# LR3.6 -> LR4, "Lightroom Settings" folder, both versions sharing same settings folder



## Linwood Ferguson (Mar 6, 2012)

Did not use the beta, this is the released version.  I was investigating what happened when it converted my catalog, so I could set my backup program appropriately, specifically to NOT back up the previews.

There's a "Lightroom Settings" folder, I think that is created in that location only if you select "store settings with catalog" which always seemed like a good idea.

That folder remains the same and in the same physical location, and it appears LR3.6 and LR4 are both accessing the same folder.  Which gives me some concern that they may be sharing it incompatibly?   Or is that the expected behavior? 

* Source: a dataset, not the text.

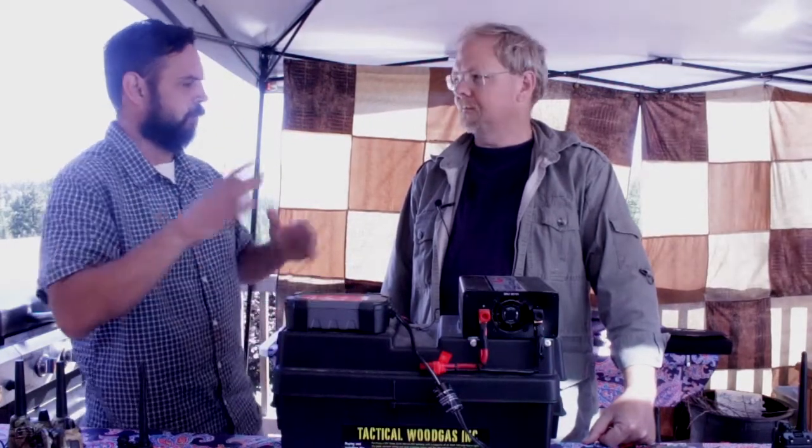Hey, this is Sean from the Prepared Homestead, and I'm here with Mike with Tactical Woodgoss. Mike, thanks for being with us today. Happy to be here. We're here with the battery bank, and we're going to be talking about some of the capabilities and limitations, but why did you come up with the battery bank? Why did you put all these components together for customers?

For reference I have a folder T:\Lightroom_Catalog\Silvertone and in that folder I had my original catalog, so it looked like this:

T:\Lightroom_Catalog\Silvertone\Lightroom Catalog-V3.lrcat                           <<< original 
T:\Lightroom_Catalog\Silvertone\Lightroom Settings\lots and lots of files         <<< Both LR4 and LR3 using
T:\Lightroom_Catalog\Silvertone\LightRoom Catalog-V3-2.lrcat                       <<< Automatically created LR4 upgraded catalog
T:\Lightroom_Catalog\Silvertone\Lightroom Catalog-V3 Previews.lrdata\stuff   <<<  Old LR3 previews, which disappeared on LR4 install, and came back on next run
T:\Lightroom_Catalog\Silvertone\Lightroom Catalog-V3-2 Previews.lrdata\stuff  <<  LR4 previews

Everything is nicely separated except for the settings.   

Should I move the new catalog to a whole different root (somehow) and copy the settings so they stay separate? 

Is this the expected behavior?

PS. I did change something in LR3.6 and something else in LR4 and observed both changed files in this same directory so they are definitely sharing the setup.


----------



## Jim Wilde (Mar 6, 2012)

You might want to have a read of this post which tries to explain in some detail the use and implications of that particular setting.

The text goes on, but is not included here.